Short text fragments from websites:

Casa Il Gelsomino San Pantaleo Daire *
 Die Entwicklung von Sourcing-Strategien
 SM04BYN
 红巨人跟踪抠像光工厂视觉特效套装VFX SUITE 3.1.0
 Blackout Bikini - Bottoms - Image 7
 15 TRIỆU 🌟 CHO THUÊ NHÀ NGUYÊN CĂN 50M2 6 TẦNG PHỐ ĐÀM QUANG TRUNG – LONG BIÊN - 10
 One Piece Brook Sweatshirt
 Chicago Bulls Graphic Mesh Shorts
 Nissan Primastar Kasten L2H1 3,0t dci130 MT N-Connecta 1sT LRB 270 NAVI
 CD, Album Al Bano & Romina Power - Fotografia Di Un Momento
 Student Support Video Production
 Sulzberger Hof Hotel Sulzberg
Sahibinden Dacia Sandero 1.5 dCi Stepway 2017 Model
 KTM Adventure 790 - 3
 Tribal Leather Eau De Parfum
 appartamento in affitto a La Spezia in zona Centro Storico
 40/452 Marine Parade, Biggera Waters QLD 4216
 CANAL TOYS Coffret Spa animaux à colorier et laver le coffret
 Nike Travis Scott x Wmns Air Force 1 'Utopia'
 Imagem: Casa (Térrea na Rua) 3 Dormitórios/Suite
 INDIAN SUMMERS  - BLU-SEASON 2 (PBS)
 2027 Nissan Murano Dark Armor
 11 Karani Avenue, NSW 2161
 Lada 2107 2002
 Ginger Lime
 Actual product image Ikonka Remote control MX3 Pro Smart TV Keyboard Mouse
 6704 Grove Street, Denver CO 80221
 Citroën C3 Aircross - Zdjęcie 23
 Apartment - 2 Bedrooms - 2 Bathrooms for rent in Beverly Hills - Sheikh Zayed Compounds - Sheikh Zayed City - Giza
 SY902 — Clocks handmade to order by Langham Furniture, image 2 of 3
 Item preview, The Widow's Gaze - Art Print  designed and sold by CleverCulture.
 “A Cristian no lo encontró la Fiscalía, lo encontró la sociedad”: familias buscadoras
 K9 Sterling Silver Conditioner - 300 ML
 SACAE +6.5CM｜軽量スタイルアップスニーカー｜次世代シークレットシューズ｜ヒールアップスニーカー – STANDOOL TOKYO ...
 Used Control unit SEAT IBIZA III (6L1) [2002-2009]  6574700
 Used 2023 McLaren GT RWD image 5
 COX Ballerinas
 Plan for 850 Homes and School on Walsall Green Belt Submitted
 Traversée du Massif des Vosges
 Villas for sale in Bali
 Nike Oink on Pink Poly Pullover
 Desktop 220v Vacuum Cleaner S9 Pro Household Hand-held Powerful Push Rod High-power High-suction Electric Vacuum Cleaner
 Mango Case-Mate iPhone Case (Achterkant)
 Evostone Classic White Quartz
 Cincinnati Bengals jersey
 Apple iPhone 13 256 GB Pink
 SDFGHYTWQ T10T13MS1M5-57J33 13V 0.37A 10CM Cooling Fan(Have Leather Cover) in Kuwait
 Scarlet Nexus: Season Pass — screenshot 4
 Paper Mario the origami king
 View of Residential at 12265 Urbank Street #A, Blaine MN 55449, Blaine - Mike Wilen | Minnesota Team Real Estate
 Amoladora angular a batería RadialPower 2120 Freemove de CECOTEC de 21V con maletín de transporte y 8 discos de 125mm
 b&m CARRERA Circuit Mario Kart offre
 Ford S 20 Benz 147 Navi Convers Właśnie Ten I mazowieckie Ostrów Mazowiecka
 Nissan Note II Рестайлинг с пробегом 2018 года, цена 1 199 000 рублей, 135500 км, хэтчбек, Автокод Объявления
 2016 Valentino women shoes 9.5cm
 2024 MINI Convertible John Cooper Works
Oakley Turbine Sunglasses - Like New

# Task goal:
Without omitting anything, reproduce the whole of the data.

# Solved exercise:
Casa Il Gelsomino San Pantaleo Daire *
 Die Entwicklung von Sourcing-Strategien
 SM04BYN
 红巨人跟踪抠像光工厂视觉特效套装VFX SUITE 3.1.0
 Blackout Bikini - Bottoms - Image 7
 15 TRIỆU 🌟 CHO THUÊ NHÀ NGUYÊN CĂN 50M2 6 TẦNG PHỐ ĐÀM QUANG TRUNG – LONG BIÊN - 10
 One Piece Brook Sweatshirt
 Chicago Bulls Graphic Mesh Shorts
 Nissan Primastar Kasten L2H1 3,0t dci130 MT N-Connecta 1sT LRB 270 NAVI
 CD, Album Al Bano & Romina Power - Fotografia Di Un Momento
 Student Support Video Production
 Sulzberger Hof Hotel Sulzberg
Sahibinden Dacia Sandero 1.5 dCi Stepway 2017 Model
 KTM Adventure 790 - 3
 Tribal Leather Eau De Parfum
 appartamento in affitto a La Spezia in zona Centro Storico
 40/452 Marine Parade, Biggera Waters QLD 4216
 CANAL TOYS Coffret Spa animaux à colorier et laver le coffret
 Nike Travis Scott x Wmns Air Force 1 'Utopia'
 Imagem: Casa (Térrea na Rua) 3 Dormitórios/Suite
 INDIAN SUMMERS  - BLU-SEASON 2 (PBS)
 2027 Nissan Murano Dark Armor
 11 Karani Avenue, NSW 2161
 Lada 2107 2002
 Ginger Lime
 Actual product image Ikonka Remote control MX3 Pro Smart TV Keyboard Mouse
 6704 Grove Street, Denver CO 80221
 Citroën C3 Aircross - Zdjęcie 23
 Apartment - 2 Bedrooms - 2 Bathrooms for rent in Beverly Hills - Sheikh Zayed Compounds - Sheikh Zayed City - Giza
 SY902 — Clocks handmade to order by Langham Furniture, image 2 of 3
 Item preview, The Widow's Gaze - Art Print  designed and sold by CleverCulture.
 “A Cristian no lo encontró la Fiscalía, lo encontró la sociedad”: familias buscadoras
 K9 Sterling Silver Conditioner - 300 ML
 SACAE +6.5CM｜軽量スタイルアップスニーカー｜次世代シークレットシューズ｜ヒールアップスニーカー – STANDOOL TOKYO ...
 Used Control unit SEAT IBIZA III (6L1) [2002-2009]  6574700
 Used 2023 McLaren GT RWD image 5
 COX Ballerinas
 Plan for 850 Homes and School on Walsall Green Belt Submitted
 Traversée du Massif des Vosges
 Villas for sale in Bali
 Nike Oink on Pink Poly Pullover
 Desktop 220v Vacuum Cleaner S9 Pro Household Hand-held Powerful Push Rod High-power High-suction Electric Vacuum Cleaner
 Mango Case-Mate iPhone Case (Achterkant)
 Evostone Classic White Quartz
 Cincinnati Bengals jersey
 Apple iPhone 13 256 GB Pink
 SDFGHYTWQ T10T13MS1M5-57J33 13V 0.37A 10CM Cooling Fan(Have Leather Cover) in Kuwait
 Scarlet Nexus: Season Pass — screenshot 4
 Paper Mario the origami king
 View of Residential at 12265 Urbank Street #A, Blaine MN 55449, Blaine - Mike Wilen | Minnesota Team Real Estate
 Amoladora angular a batería RadialPower 2120 Freemove de CECOTEC de 21V con maletín de transporte y 8 discos de 125mm
 b&m CARRERA Circuit Mario Kart offre
 Ford S 20 Benz 147 Navi Convers Właśnie Ten I mazowieckie Ostrów Mazowiecka
 Nissan Note II Рестайлинг с пробегом 2018 года, цена 1 199 000 рублей, 135500 км, хэтчбек, Автокод Объявления
 2016 Valentino women shoes 9.5cm
 2024 MINI Convertible John Cooper Works
Oakley Turbine Sunglasses - Like New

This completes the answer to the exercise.